**AVAILABLE RECORDS**:
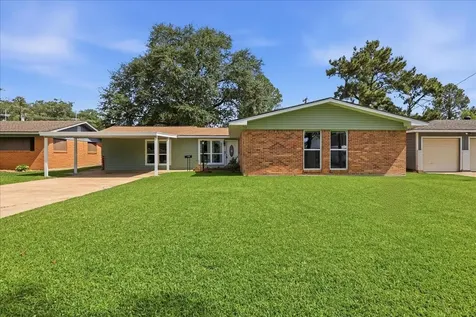 5280 Swallow Drive Beaumont TX 77707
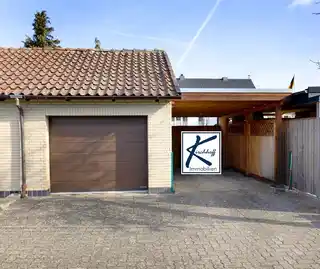 Garage und Carport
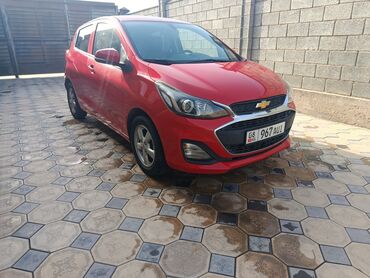 авторынок бишкека фото и цены: Chevrolet Spark: 2018 г., 1 л, Вариатор, Бензин, Хетчбек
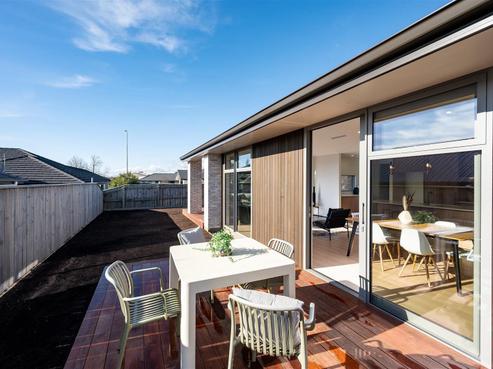 11 Greenway Crescent, Hope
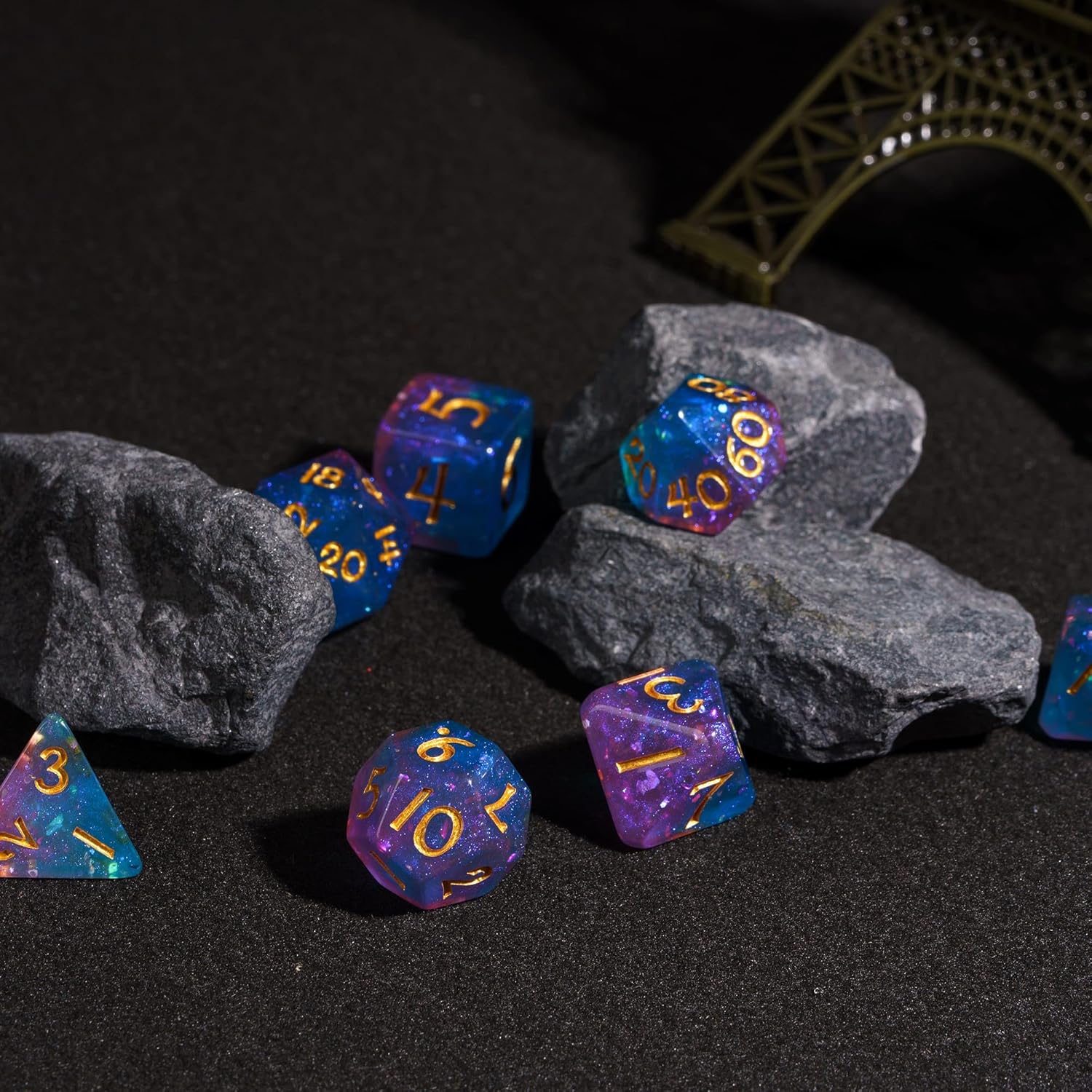 HDdais DND – Juego de dados poliédricos azules rellenos de purpurina para juegos de rol de Calabozos y Dragones y juegos de mesa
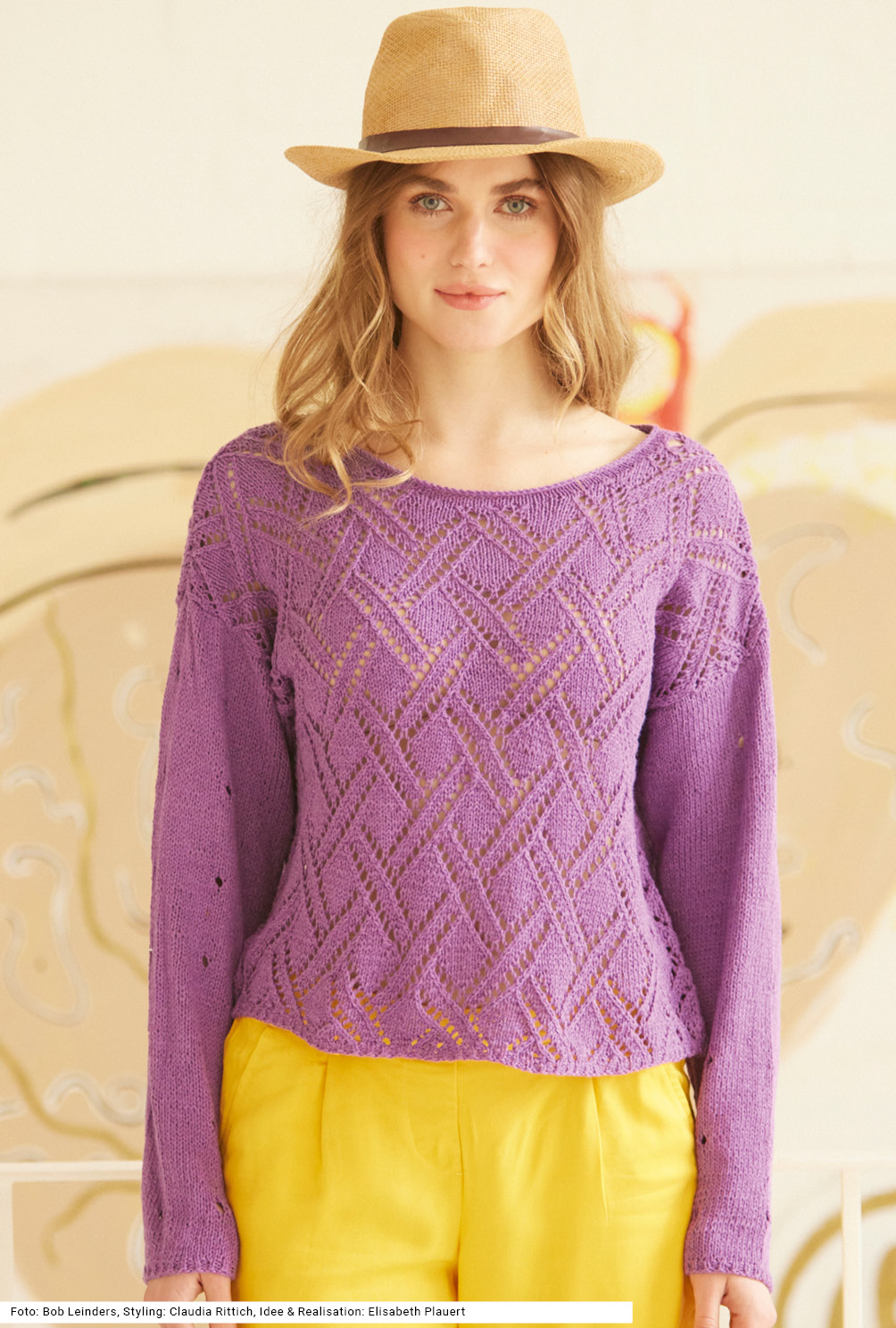 Modellansicht Bild 2: Pullover mit Ajourmuster in Violett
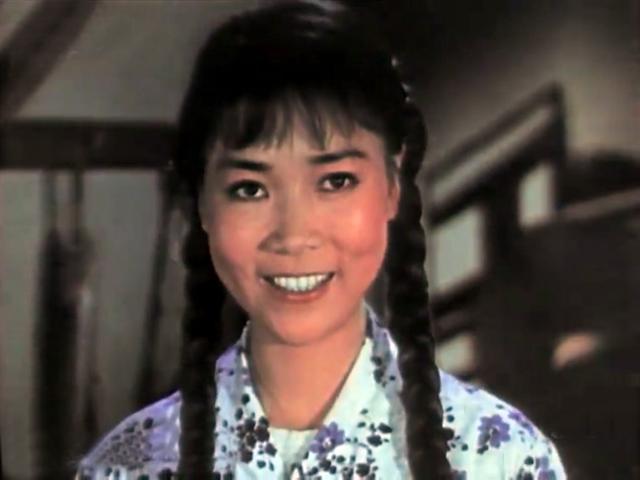 容貌美丽,气质清新的电影演员陶白莉,在电影《上海姑娘》中扮演五十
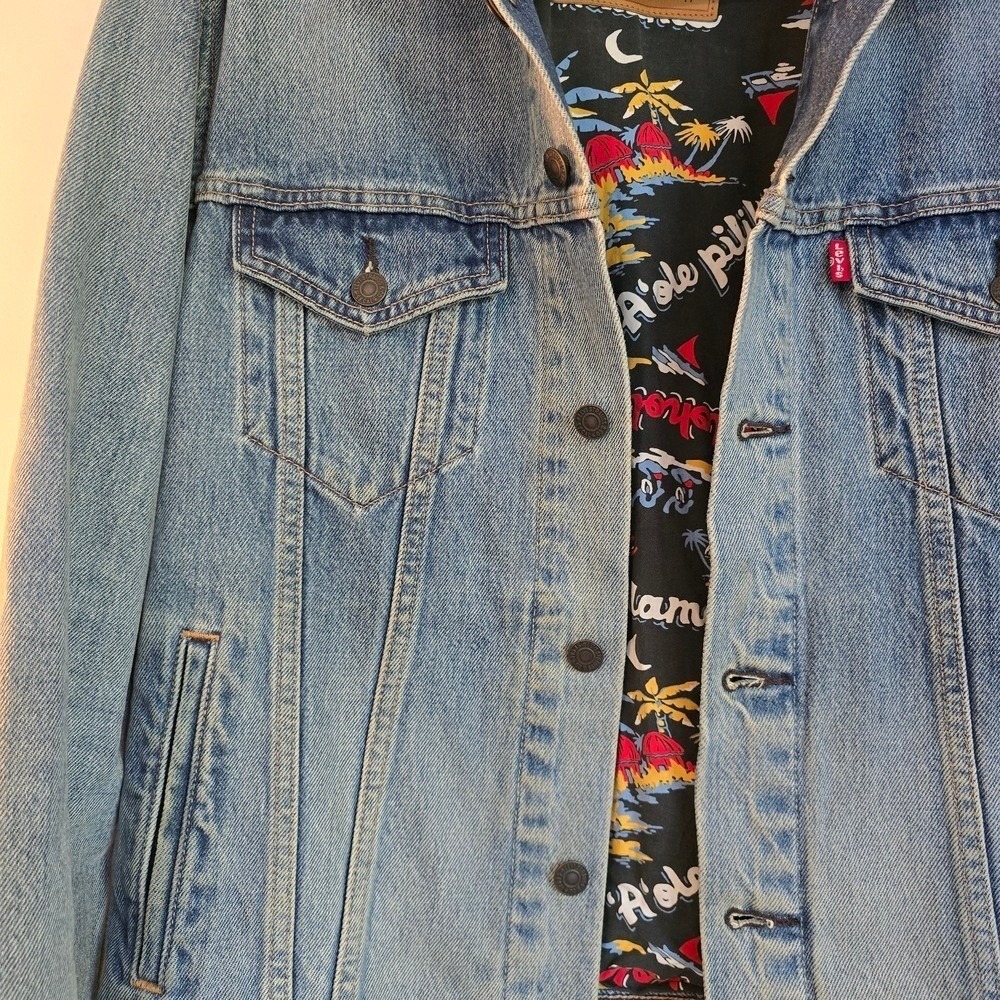 Levi Strauss & Co Denim Jacket Aloha Print Lined Blue Medium Wash Trucker - Picture 5 of 16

**REQUIREMENT**: The data shown above must be printed again exactly, with no images included.

**TASK RESPONSE**:
 5280 Swallow Drive Beaumont TX 77707
 Garage und Carport
 авторынок бишкека фото и цены: Chevrolet Spark: 2018 г., 1 л, Вариатор, Бензин, Хетчбек
 11 Greenway Crescent, Hope
 HDdais DND – Juego de dados poliédricos azules rellenos de purpurina para juegos de rol de Calabozos y Dragones y juegos de mesa
 Modellansicht Bild 2: Pullover mit Ajourmuster in Violett
 容貌美丽,气质清新的电影演员陶白莉,在电影《上海姑娘》中扮演五十
 Levi Strauss & Co Denim Jacket Aloha Print Lined Blue Medium Wash Trucker - Picture 5 of 16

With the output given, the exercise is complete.